API numbers for February here.

Kind of a big drop, but a lot of it may be hurricane damage.

Then again, many damaged Gulf oil rigs won't be repaired.

Thanks for that Leanan, I moved the Chronicle piece and the MMS stats out front (below Dave's LNG post) if anyone wants to talk about them.
Don't worry, the EIA says that Canada will save us

http://www.policypete.com/Misc/DOEandCANADA1.htm

Comments by Roger Blanchard:

The US Department of Energy/Energy Information Administration (US DOE/EIA) has a history of providing poor forecasts as illustrated in their International Energy Outlook 2003 (IEO2003) forecast for Canada. In the IEO2003 they stated:

"Canada's conventional oil output is expected to increase by more than 200,000 barrels per day over the next 2 years, mainly from Newfoundland's Hibernia oil project, which could produce more than 155,000 barrels per day at its peak sometime in the next several years. Canada is projected to add an additional 500,000 barrels per day in output from a combination of frontier area offshore projects and oil from tar sands."

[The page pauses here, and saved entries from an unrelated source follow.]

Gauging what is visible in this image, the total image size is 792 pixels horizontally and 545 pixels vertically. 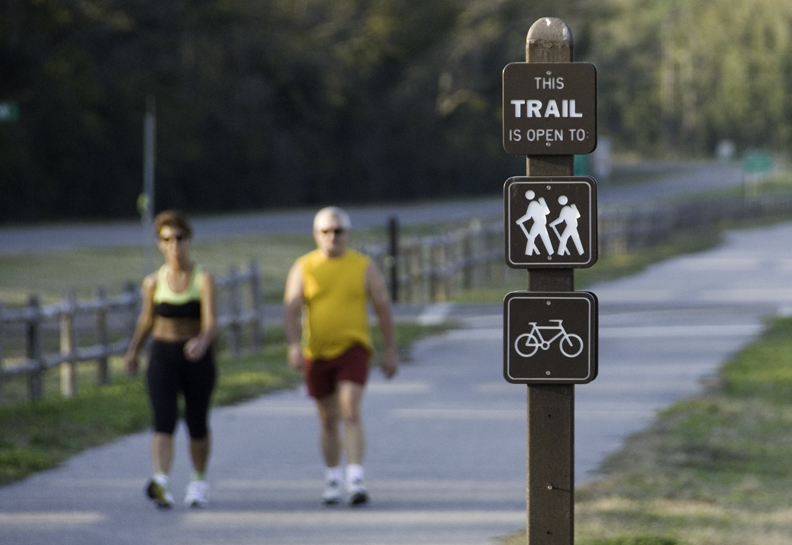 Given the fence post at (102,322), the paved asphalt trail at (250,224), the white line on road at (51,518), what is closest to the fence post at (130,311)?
the fence post at (102,322)

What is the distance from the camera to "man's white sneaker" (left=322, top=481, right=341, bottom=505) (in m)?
7.78

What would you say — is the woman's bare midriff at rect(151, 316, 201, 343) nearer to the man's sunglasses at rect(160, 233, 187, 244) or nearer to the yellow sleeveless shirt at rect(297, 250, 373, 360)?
the man's sunglasses at rect(160, 233, 187, 244)

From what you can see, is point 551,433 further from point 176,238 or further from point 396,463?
point 396,463

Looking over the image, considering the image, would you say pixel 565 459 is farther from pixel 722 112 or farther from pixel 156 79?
pixel 722 112

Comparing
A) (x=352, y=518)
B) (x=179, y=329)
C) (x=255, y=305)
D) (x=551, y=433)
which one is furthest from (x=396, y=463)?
(x=255, y=305)

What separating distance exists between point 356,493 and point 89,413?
382 cm

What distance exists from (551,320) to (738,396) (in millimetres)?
8118

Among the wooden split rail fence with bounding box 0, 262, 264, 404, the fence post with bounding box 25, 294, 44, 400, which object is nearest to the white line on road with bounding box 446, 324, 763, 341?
the wooden split rail fence with bounding box 0, 262, 264, 404

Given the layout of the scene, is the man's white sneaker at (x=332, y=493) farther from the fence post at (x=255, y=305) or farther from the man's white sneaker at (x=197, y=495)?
the fence post at (x=255, y=305)

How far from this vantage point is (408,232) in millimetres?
37969

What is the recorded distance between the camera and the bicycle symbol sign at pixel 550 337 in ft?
15.5

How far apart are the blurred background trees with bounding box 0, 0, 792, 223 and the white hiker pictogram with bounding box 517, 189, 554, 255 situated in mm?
31084

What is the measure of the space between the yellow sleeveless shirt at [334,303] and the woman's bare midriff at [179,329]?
0.63 meters

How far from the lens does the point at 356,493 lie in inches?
303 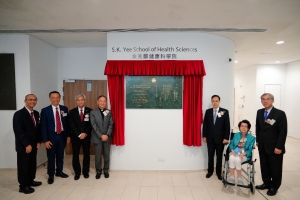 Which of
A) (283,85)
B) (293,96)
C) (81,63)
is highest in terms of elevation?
(81,63)

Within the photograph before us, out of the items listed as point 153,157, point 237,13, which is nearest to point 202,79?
point 237,13

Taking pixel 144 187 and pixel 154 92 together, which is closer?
pixel 144 187

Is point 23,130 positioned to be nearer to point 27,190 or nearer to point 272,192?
point 27,190

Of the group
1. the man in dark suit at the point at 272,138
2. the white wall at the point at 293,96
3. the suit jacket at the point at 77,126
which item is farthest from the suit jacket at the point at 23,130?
the white wall at the point at 293,96

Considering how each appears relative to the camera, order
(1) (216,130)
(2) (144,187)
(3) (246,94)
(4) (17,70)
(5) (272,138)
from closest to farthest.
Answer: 1. (5) (272,138)
2. (2) (144,187)
3. (1) (216,130)
4. (4) (17,70)
5. (3) (246,94)

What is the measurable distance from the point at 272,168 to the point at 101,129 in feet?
10.1

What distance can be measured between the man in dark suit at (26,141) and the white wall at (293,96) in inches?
322

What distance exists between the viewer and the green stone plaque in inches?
138

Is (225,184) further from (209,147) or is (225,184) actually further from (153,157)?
(153,157)

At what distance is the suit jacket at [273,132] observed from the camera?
8.76 ft

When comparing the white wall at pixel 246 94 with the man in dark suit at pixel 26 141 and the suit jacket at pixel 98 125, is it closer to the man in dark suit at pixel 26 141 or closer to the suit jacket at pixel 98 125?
the suit jacket at pixel 98 125

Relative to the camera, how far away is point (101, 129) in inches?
129

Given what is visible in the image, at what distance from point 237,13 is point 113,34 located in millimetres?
2318

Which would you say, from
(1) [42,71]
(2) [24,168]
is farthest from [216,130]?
(1) [42,71] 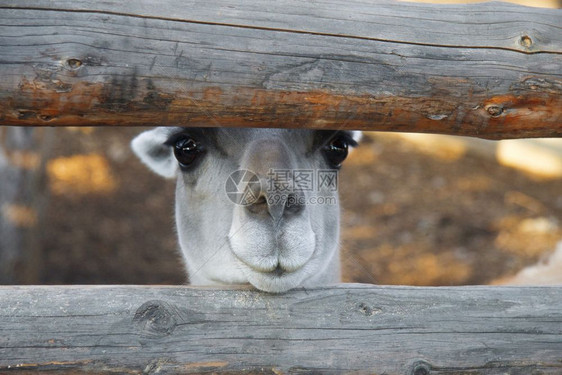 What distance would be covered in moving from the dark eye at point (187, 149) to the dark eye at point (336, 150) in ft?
2.24

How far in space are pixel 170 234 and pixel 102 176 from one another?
1.76 metres

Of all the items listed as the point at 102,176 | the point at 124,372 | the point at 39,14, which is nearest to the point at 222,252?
the point at 124,372

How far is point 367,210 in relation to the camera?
923cm

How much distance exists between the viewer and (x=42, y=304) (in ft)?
7.77

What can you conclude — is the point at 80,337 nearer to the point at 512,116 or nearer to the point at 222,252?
the point at 222,252

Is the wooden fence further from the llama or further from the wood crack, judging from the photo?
the llama

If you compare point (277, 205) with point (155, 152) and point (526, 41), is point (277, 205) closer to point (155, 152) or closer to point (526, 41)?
point (526, 41)

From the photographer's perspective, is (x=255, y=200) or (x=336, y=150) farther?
(x=336, y=150)

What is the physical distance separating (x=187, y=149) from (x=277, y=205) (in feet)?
3.30

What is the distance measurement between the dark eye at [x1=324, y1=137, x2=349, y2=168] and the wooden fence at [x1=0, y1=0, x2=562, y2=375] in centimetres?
78

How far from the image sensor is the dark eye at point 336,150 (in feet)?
11.0

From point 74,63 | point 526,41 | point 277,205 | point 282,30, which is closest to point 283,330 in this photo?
point 277,205

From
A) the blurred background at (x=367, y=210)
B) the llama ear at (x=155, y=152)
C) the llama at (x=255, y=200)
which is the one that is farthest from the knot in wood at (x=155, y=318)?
the blurred background at (x=367, y=210)

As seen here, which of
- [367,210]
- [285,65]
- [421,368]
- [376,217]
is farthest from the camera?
[367,210] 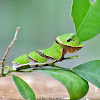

Assuming the total increase of 700,000 b/d for Canada was for the 2003 to 2005 period, the US DOE/EIA was only off by 710,000 b/d. In 2003, Canada's total liquid hydrocarbons (TLHs) production was 3.11 mb/d and in 2005 it was 3.10 mb/d (US DOE/EIA data/I used TLHs data because they include NGLs in their forecasts), a decline of 10,000 b/d. If the baseline was 2002, then they were off by only 555,000 b/d. That's not bad for the US DOE/EIA. I had made what I thought was a good case in my book that Canada's oil production would not increase by anything approaching 700,000 b/d for the 2002 to 2005 period.

It is interesting to see that Canada's oil production decreased 29,000 b/d in 2005 (US DOE/EIA oil production data). Part of the decrease is due to prolonged shutdowns in production from oil sands operations, which seems to be a persistent problem. Production has also decreased in Atlantic Canada due to declining production from the Hibernia and Terra Nova fields (Hibernia actually had a peak of 204,264 b/d in 2004). Atlantic Canada's oil production declined from 336,885 b/d in 2003 to 304,847 b/d in 2005. The White Rose field was brought on- line in Nov. 2005 so that will slow the decline of Atlantic Canada's oil production.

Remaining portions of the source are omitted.